Saturday, July 3, 2010

Carrot Stick Riding Workshop with Berin MacFarlane 07/03/10

Carrot Stick Riding Workshop with Berin MacFarlane 07/03/10
Saddle and warm up your horse
Do three cinching
Is horse acting like a partner? If yes, go ahead and mount. If no, continue warm up
Phases for carrot stick: out to the side at 90 degrees, out to the side at 45 degrees big overhand circles, closer to zone 1 small overhand circles, touch zone 1
When using two carrot sticks make sure to only use one at a time – DON’T MICRO-MANAGE by holding your horse’s zone 1 between the two sticks.
After using carrot stick, make sure to go back to neutral and do lots of friendly
Use the reins if necessary to reinforce/for control, but try to leave them alone
Make sure your friendly game with carrot stick is good in all zones, rubbing, swinging, tapping noises, etc.
Check lateral flexion in both directions
While doing FTR you can pass carrot stick back and forth between your hands to get comfortable with tossing it, handling it, feeling it, knowing where it is, etc.
Carry carrot stick in neutral (on shoulder or straight up), FTR at a walk and when that’s going well, stop riding, ask for flex towards fence using phases
Horse should flex zone 1 toward fence and stop. The idea is to just flex zone 1 but if horse turns body that’s o.k. for now. Eventually just want zone 1 to flex without moving feet.
When FTR and flexing to stop is going well at walk then can try trot then canter.
Eventually add in a barrel in the corners, FTR at trot, when get to barrel slow to a walk, come off the rail and circle the barrel, come back to the rail and leave at a trot. Do the same at each barrel and do it in both directions. This is beginning to build for simple lead changes. If at canter, come down to trot, circle barrel, come back to the rail and leave at the canter.
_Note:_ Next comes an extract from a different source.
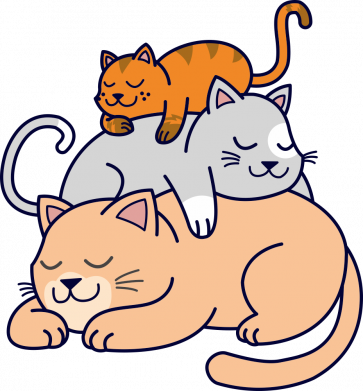 Принт Дитяча футболка Sleeping cats, Фото № 2 - FATLINE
Do weaves in both directions at walk, trot, canter
For Renegade, long lines to build impulsion, not a lot of circles – they stall him out
While doing long lines, point to point, when we arrive at the target point, give him a long rest
If Renegade dives for grass, reach carrot stick over shoulder and tap him on the bum, don’t change my focus (so don’t look back at his bum…get eyes in the back of my head!!) – keep my focus and keep it strong!!